Below is a listing with pictures. Repeat exactly the lines starting at the one holding "Loving Pets Bella" and going on through the one holding "Silikon Double Flared", and leave every picture out.

(Excerpted data)
━━━━
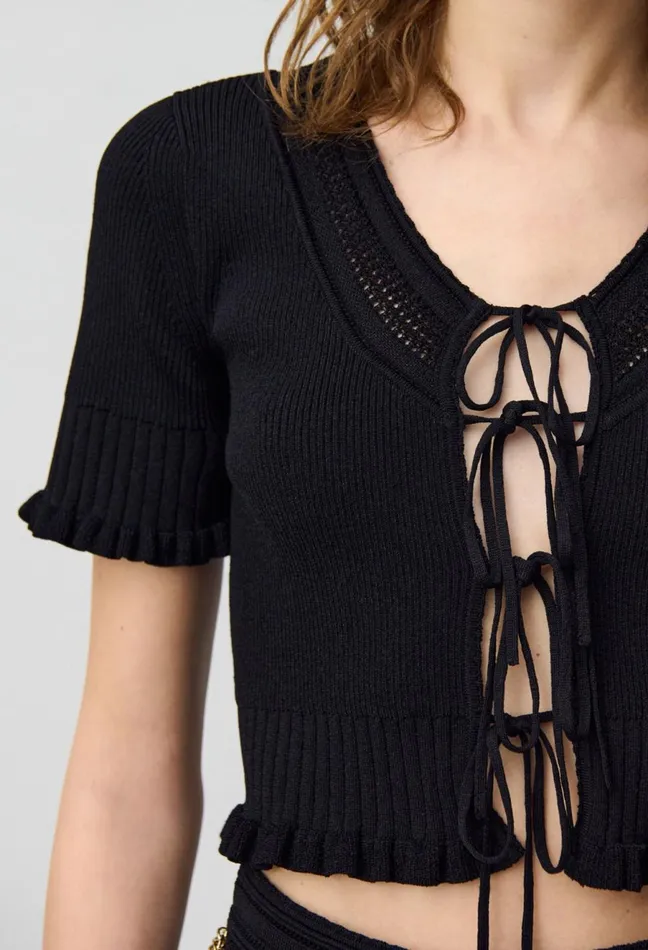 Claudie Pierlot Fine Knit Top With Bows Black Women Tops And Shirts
━━━━
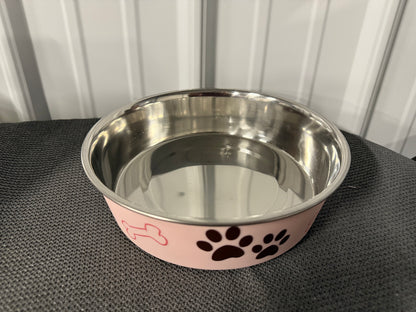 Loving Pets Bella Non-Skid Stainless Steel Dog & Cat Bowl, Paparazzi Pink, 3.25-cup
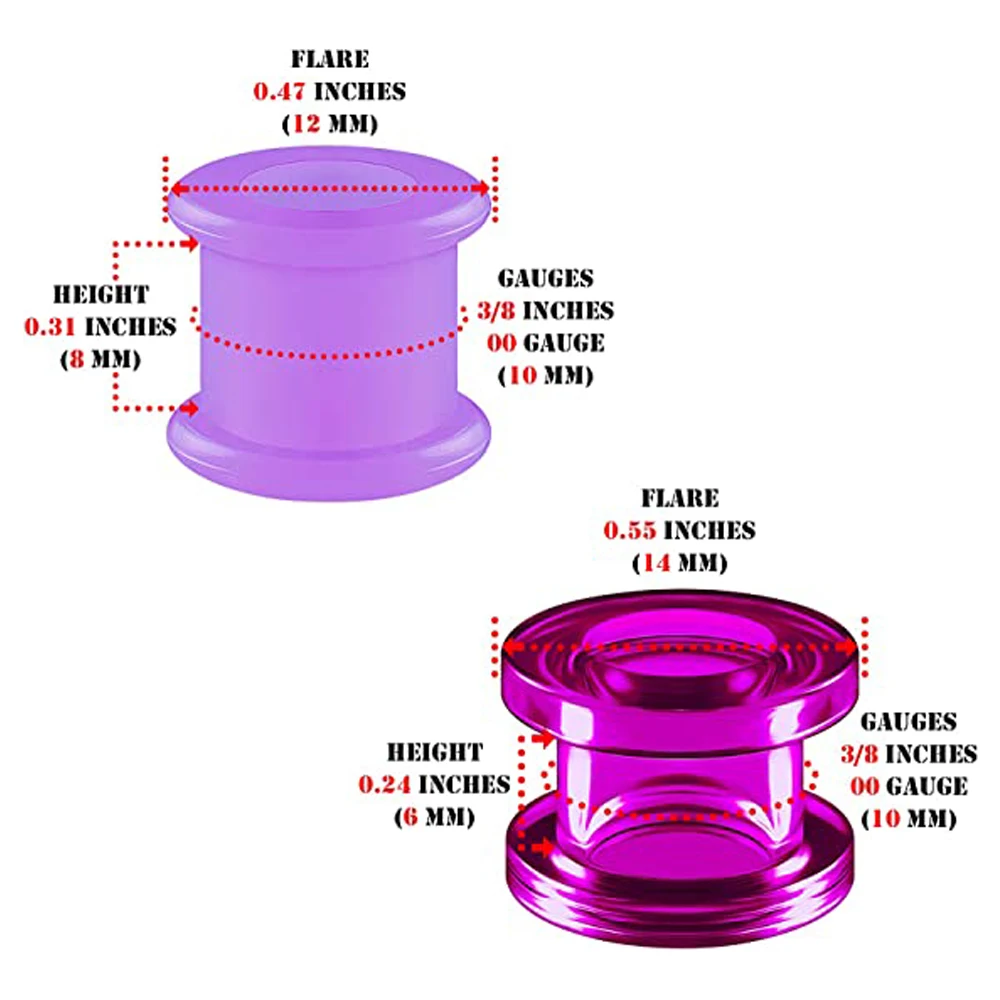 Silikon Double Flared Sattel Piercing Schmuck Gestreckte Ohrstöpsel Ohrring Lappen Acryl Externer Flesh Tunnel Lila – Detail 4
━━━━
(Exercise result)
 Loving Pets Bella Non-Skid Stainless Steel Dog & Cat Bowl, Paparazzi Pink, 3.25-cup
 Silikon Double Flared Sattel Piercing Schmuck Gestreckte Ohrstöpsel Ohrring Lappen Acryl Externer Flesh Tunnel Lila – Detail 4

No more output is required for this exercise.